→ Task statement
Below are entries with pictures in them. Output exactly the lines starting at the line with "Mother’s day vector greeting card" and ending at the line with "Hawaiian Lei Family", both included, but not the pictures.

→ Input for this task
Content starts

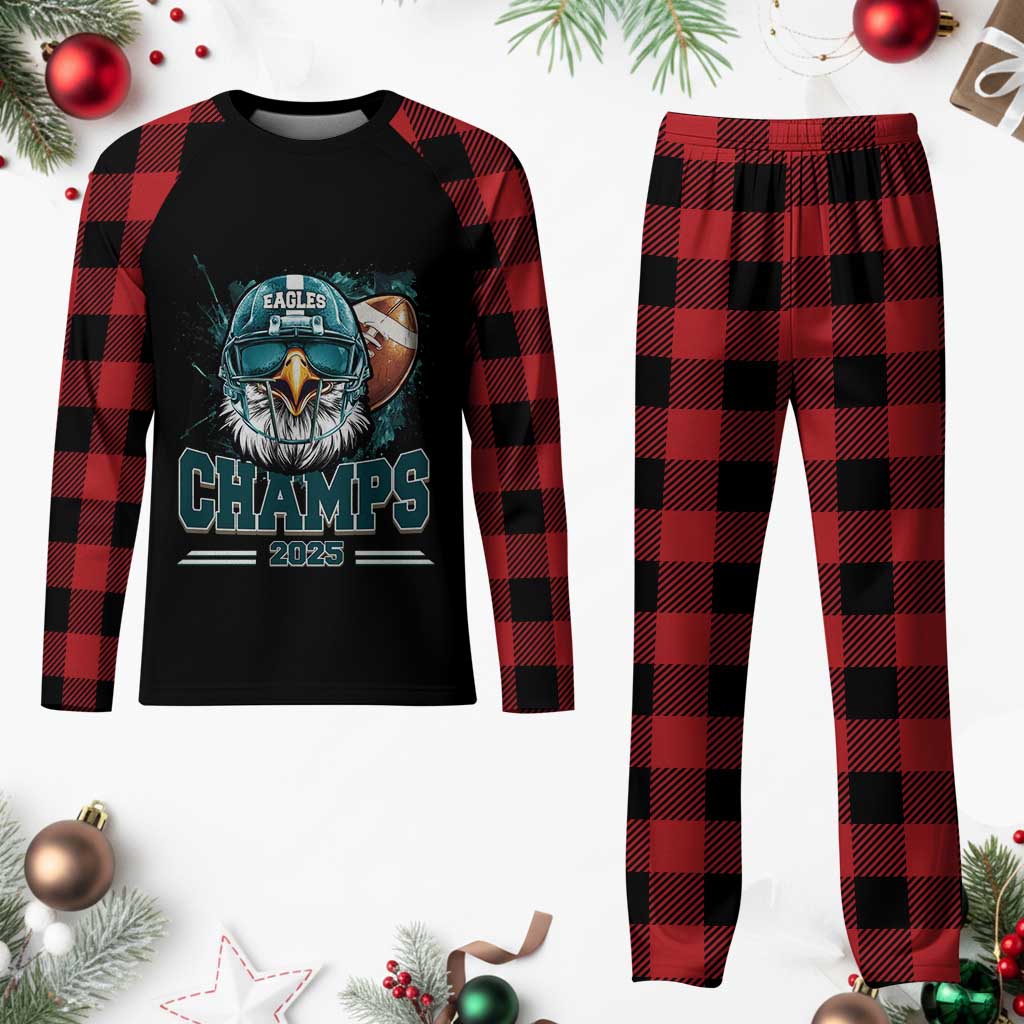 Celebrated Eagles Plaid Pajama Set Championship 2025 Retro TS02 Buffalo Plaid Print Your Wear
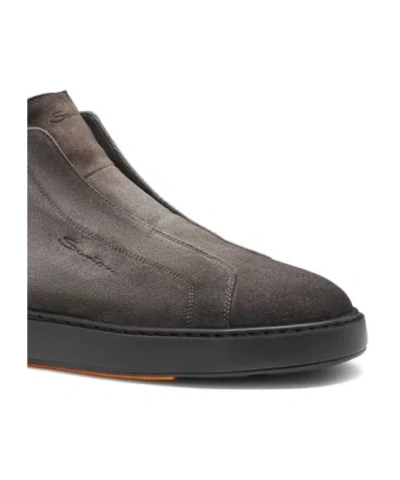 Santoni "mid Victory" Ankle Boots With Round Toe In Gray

Content ends
Content starts

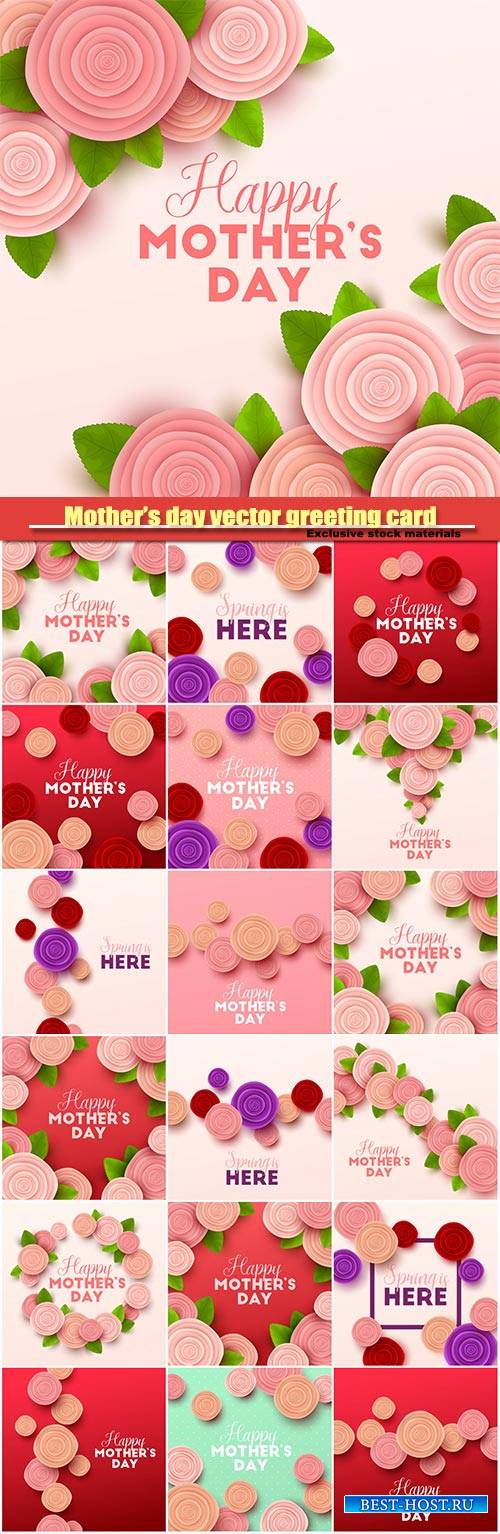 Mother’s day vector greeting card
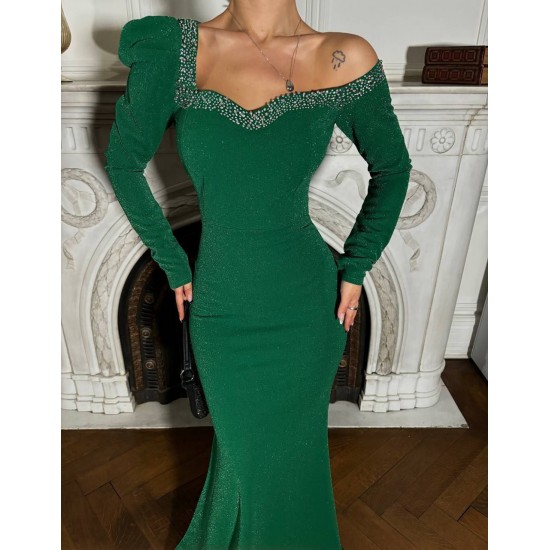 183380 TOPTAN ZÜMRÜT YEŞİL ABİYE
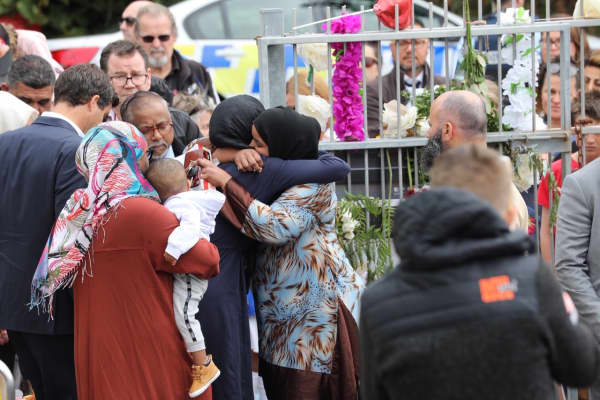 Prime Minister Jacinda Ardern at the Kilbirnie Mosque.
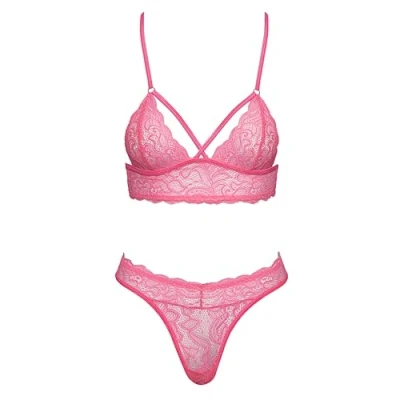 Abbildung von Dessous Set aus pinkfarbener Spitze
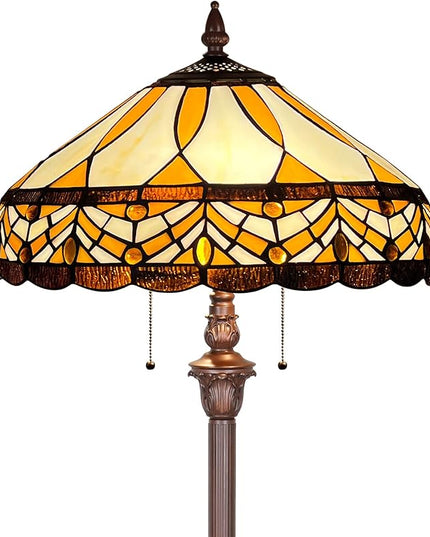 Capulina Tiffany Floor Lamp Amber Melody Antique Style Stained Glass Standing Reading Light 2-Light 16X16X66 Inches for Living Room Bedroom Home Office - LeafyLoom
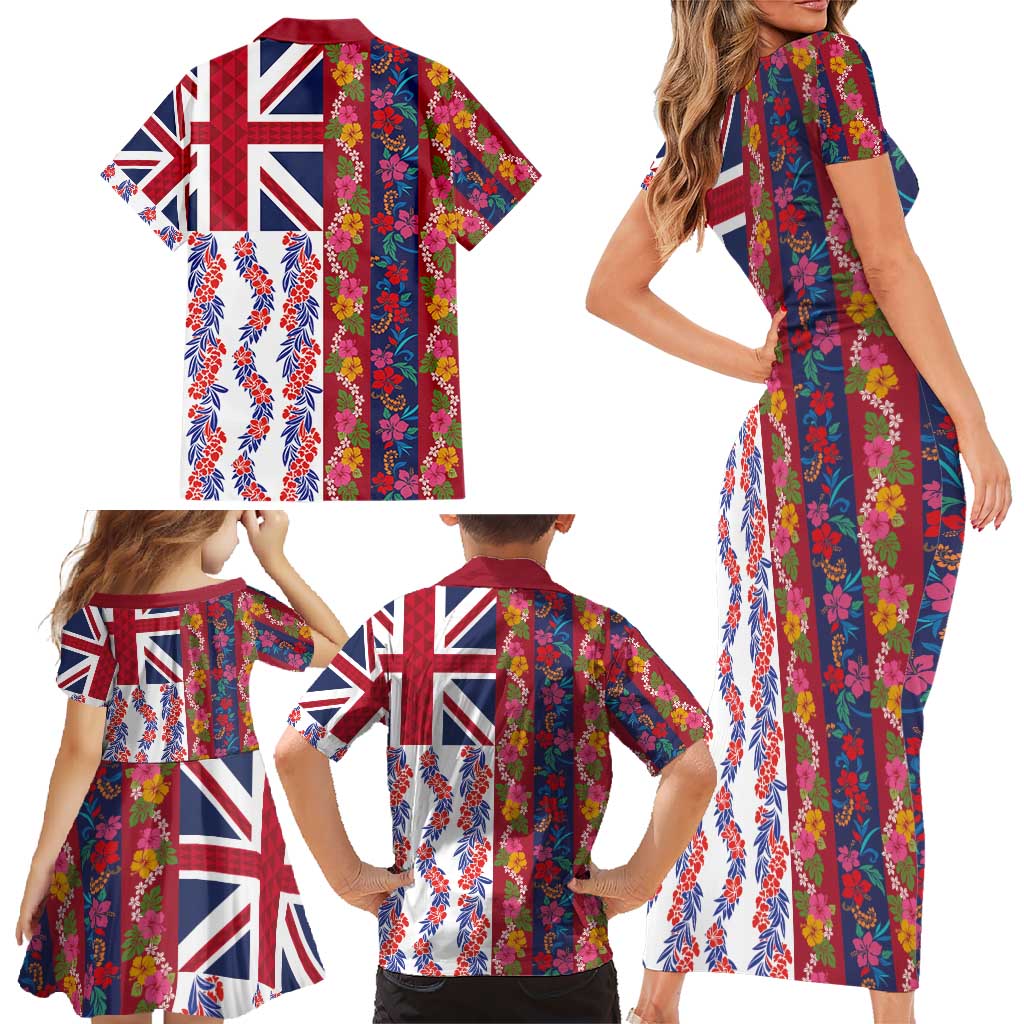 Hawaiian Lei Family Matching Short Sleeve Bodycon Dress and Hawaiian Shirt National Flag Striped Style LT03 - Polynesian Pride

Content ends
Content starts

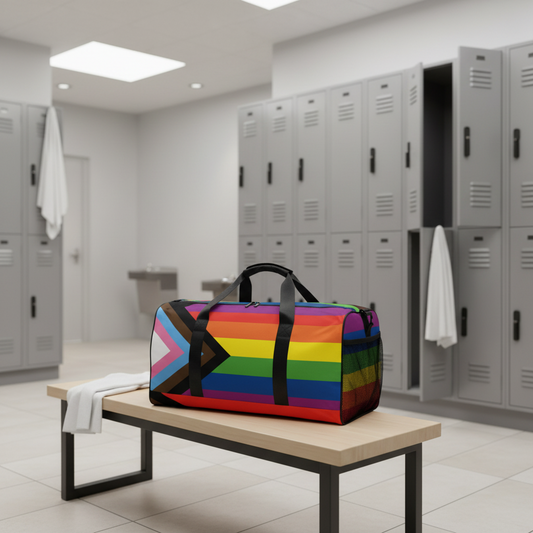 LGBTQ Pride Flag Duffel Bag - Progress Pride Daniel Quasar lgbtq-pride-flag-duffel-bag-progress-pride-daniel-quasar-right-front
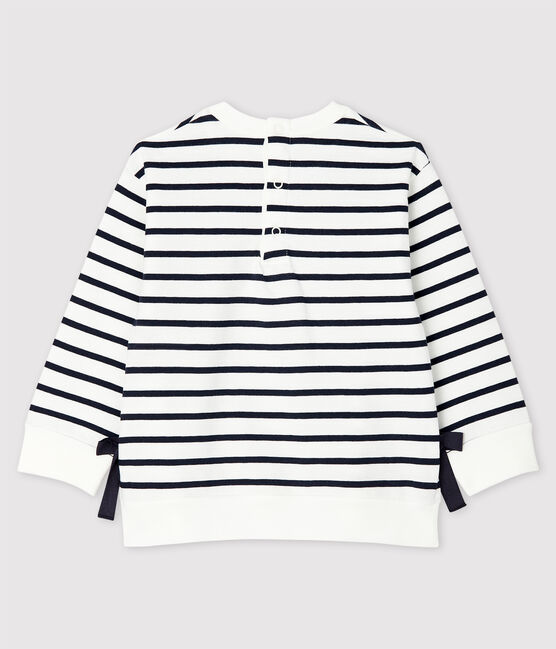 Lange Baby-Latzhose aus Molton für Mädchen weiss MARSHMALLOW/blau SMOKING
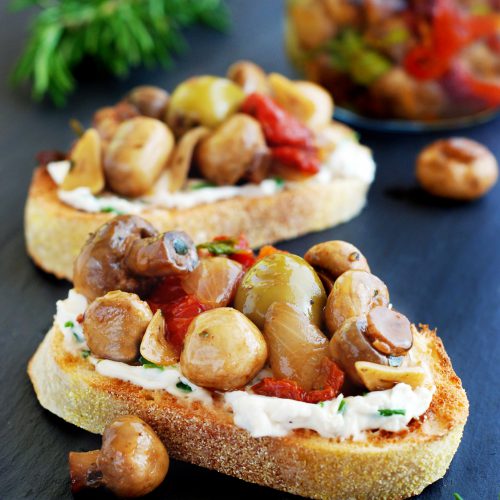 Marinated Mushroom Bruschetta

Content ends

→ Response
 Mother’s day vector greeting card
 183380 TOPTAN ZÜMRÜT YEŞİL ABİYE
 Prime Minister Jacinda Ardern at the Kilbirnie Mosque.
 Abbildung von Dessous Set aus pinkfarbener Spitze
 Capulina Tiffany Floor Lamp Amber Melody Antique Style Stained Glass Standing Reading Light 2-Light 16X16X66 Inches for Living Room Bedroom Home Office - LeafyLoom
 Hawaiian Lei Family Matching Short Sleeve Bodycon Dress and Hawaiian Shirt National Flag Striped Style LT03 - Polynesian Pride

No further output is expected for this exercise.